Phase matched filters to remove surface wave noise from converted P-SV data

David G. Schieck

One of the greatest difficulties in obtaining and processing good quality shear wave sections is overcoming the effects of surface waves (Corbin et al., 1983). Generally, in land seismic exploration, surface waves (ground roll) should be attenuated by geophone arrays. Due to varying physical surface conditions, the desire to record non-normal incidence signal and the expense of three-component geophone arrays, the procedures in the field may be inadequate for eliminating this unwanted noise from the seismic records. Processing techniques such as frequency filters, muhichannel filters and polarization analysis is often required. Conventional frequency and multichannel filters often effect the vertical resolution of seismic data due to the overlap frequencies of ground roll and reflection data (Saatilan and Canitez, 1988).

Rayleigh waves are the dominant surface waves recorded on vertical and radial components found in exploration seismology. These waves are nondispersive in the classical case of propagation along the surface of an isotropic homogeneous half space. However for the real earth case of layered medium Rayleigh waves are dispersive and multiple modes are possible (Ren et al., 1986). An example of these modes for the vertical component of walk away data is shown in Figure 1.

It is well established that P-wave, S-wave, Rayleigh waves and Love waves have distinct polarization patterns. (Aki and Richards, 1980) Three dimensional polarization analysis of the vertical, radial and horizontal components can separate the elliptically polarized Rayleigh waves from the radial component seismic data (Vidale, 1986, Samson and Olson, 1981).

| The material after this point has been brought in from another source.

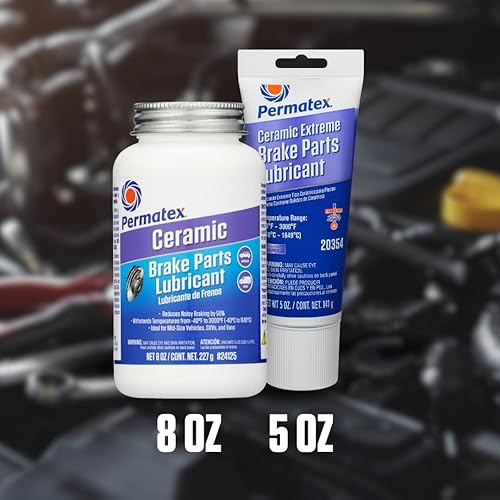 Miniatura 8 de Lubricante para partes de frenos Ceramic Extreme 24125 8 onzas de Permatex 8 oz paquete de de 1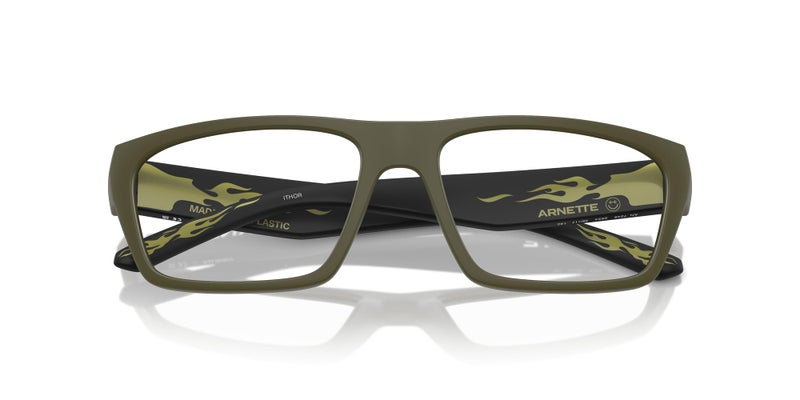 ARNETTE Eyeglasses AN 7248 2854 Matte Military/Demo Lens - Image 5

A more recent method of ground roll attenuation makes use of the dispersive character of the Rayleigh wave (Bereford-Smith and Rango, 1988, Saatqilan and Canitez, 1988). These ideas were originally applied to earthquake seismology to identify and enhance Rayleigh wave signals (Herrin and Goforth, 1977). By applying one dimensional, linear frequency modulated matched filters promising results have been demonstrated for compressional wave data as shown in figure 2. The vertical resolution is not compromised. Further, the uniform weighted stacking assumed in multichannel filters (such as a velocity filter or radon transforms) is not made.